We applaud North Macedonia for the Chair’s dogged persistence consulting in good faith with all delegations since December on the EEF decision.  We support the CiO’s determination that, despite Russia’s obstructionism, the interests of the OSCE are best served by convening this meeting today.  We also fully agree with the CiO’s priorities and its agenda for this meeting – which emphasizes economic resilience within the specific areas of good governance, climate change, energy security, and trade and transport.      

The climate crisis isn’t coming.  It’s here and is leading to security related impacts across the world – and it demands a more robust response.  Later today we will hear from Ms. Kate Guy, who serves as Senior Advisor and Managing Director on Climate Security and Cross-Cutting Issues to Special Presidential Envoy for Climate John Kerry.  She will discuss specific ways in which cooperation among participating States can address the negative security-related impacts of climate change and how the OSCE can contribute to the global response, which include working with civil society and private sector partners.  The United States strongly supports continuing discussions in the Second Dimension with the goal of operationalizing the 2021 Ministerial Council decision on climate change.  We view this meeting today, and the upcoming High-Level Conference on Climate Change on July 7, as essential steps in this direction.  
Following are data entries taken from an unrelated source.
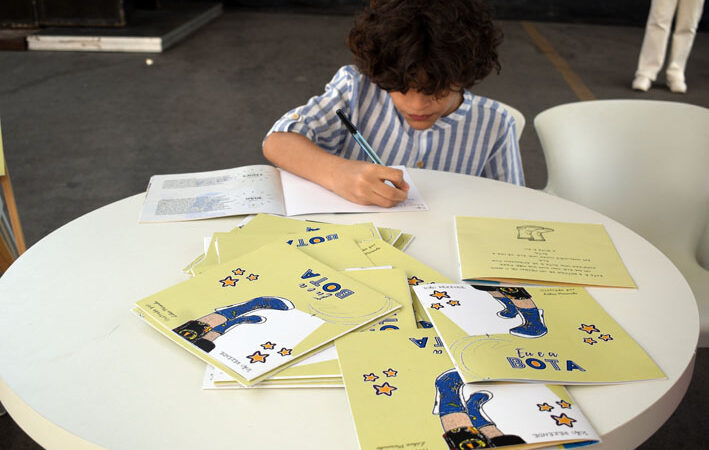 Criança de apenas 9 anos, João Rezende lança seu primeiro livro na Feira Literária de Baixa Grande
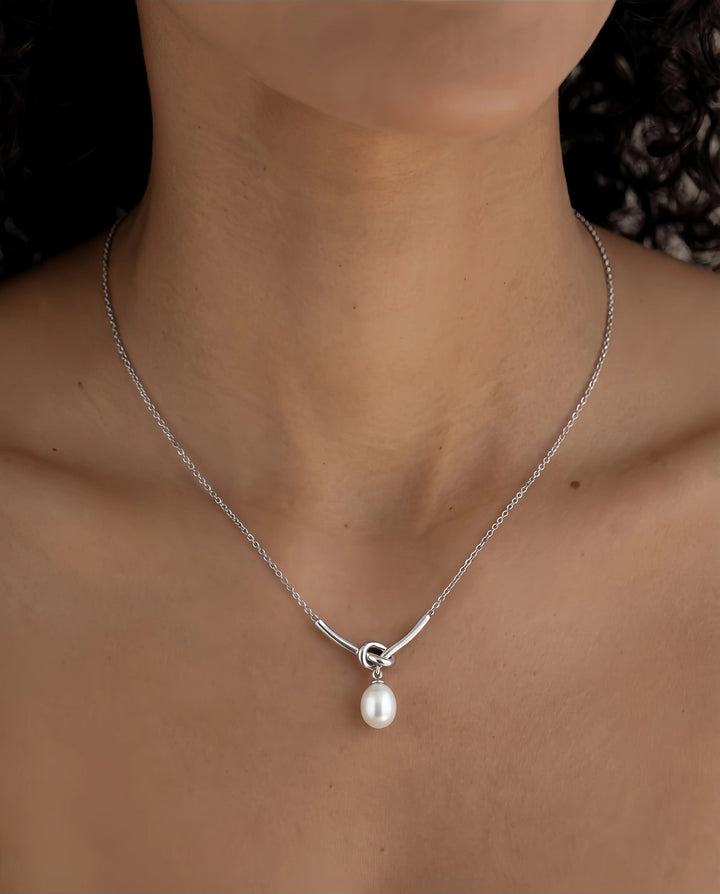 Everyday Pearl – Quiet Knot Necklace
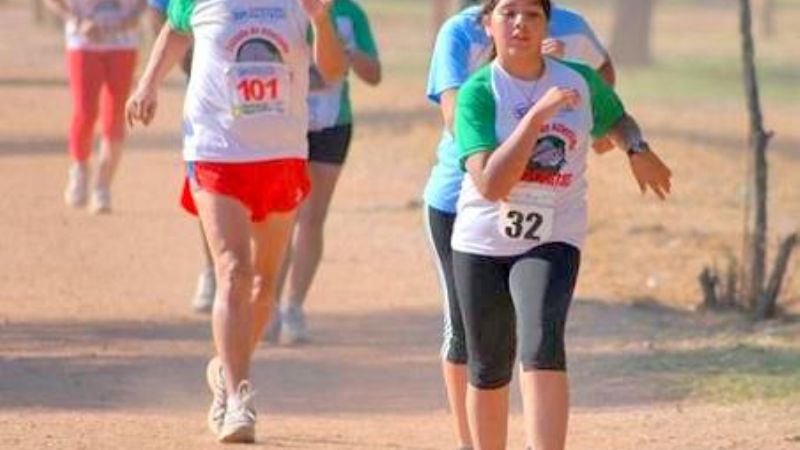 Autistas se  integran al atletismo, en el Parque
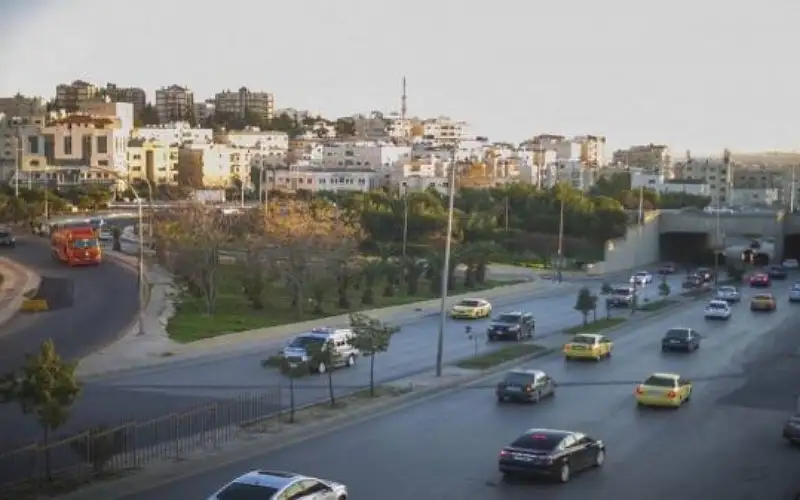 تحويلات مرورية لتسهيل الحركة قرب مستشفى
The economic and environmental challenges we are collectively facing in the OSCE region deserve our attention and discussion aimed at effective action.  This is true even as it remains our view that the OSCE must acknowledge and address the wide-ranging consequences for us all of Russia’s aggression against Ukraine.  I look forward to the discussions during this meeting, hearing from the impressive list of expert panelists, and consulting further with other delegations and the CiO.  One thing is certain, Russia has not succeeded and will not succeed in thwarting these discussions.  Nor will Russia succeed in undermining the work of this Organization – work that continues to be essential to the comprehensive security of this region.